Nevertheless, it is imperative to acknowledge the limitations inherent in the study. Firstly, histological evidence from liver biopsies is required for a definitive diagnosis of MAFLD. However, large population studies are difficult to perform invasively. Despite the utilization of FibroScan® transient elastography as an alternative in this study (a technique which has been demonstrated to possess clinical validity), the potential for the introduction of diagnostic bias remains a concern. Secondly, despite the Oral Glucose Tolerance Test (OGTT) representing a pivotal criterion for the diagnosis of diabetes, the absence of data pertaining to this indicator in the 2017–2018 NHANES cycle may have resulted in the under-recognition of cases of diabetes.

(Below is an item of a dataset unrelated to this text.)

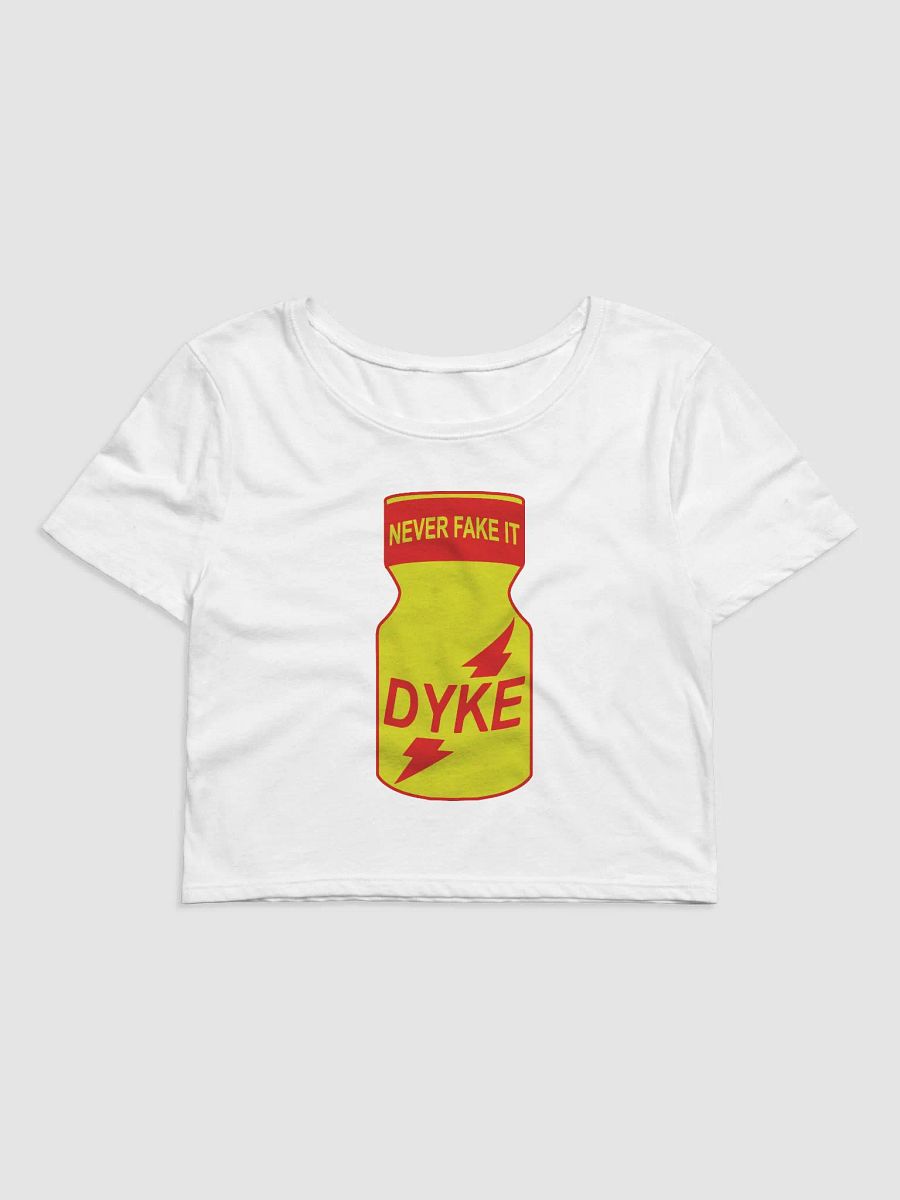 Dyke Poppers Cropped Tee 👃 White product image (1)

Furthermore, as the data were derived from the NHANES cross-sectional survey in a single country, there are limitations in terms of sample representativeness and the applicability of the model to other populations. The model was trained and validated exclusively on an internal dataset, with no external validation performed using an independent cohort. This may be problematic due to potential differences in characteristics between populations of different races or regions, which could compromise the generalization ability of the model. Further assessment is required to ascertain the model’s generalization capability. It is important to note that the cross-sectional design of this study precluded the determination of whether the observed associations were causal or not. It is therefore essential that future longitudinal studies are conducted in order to more accurately assess the causal associations between obesity indicators and the development of MAFLD. The SHAP method is predicated on the assumption of independence of characteristics in interpreting the model. Despite the exclusion of highly correlated variables, residual correlations may still affect the interpretation of results.

Conclusion

In this study, we developed predictive models for MAFLD using six machine learning algorithms: DT, SVM, GLM, GBM, RF, and XGBoost. Among these, the GBM model demonstrated the most favorable overall performance, achieving high discriminative accuracy and stability across both training and validation datasets. Furthermore, SHAP analysis provided interpretable insights into feature contributions, with VAT emerging as the most important predictor of MAFLD risk. These findings underscore the utility of integrating advanced machine learning techniques with detailed body composition metrics to improve early risk stratification and guide targeted interventions in clinical and public health contexts.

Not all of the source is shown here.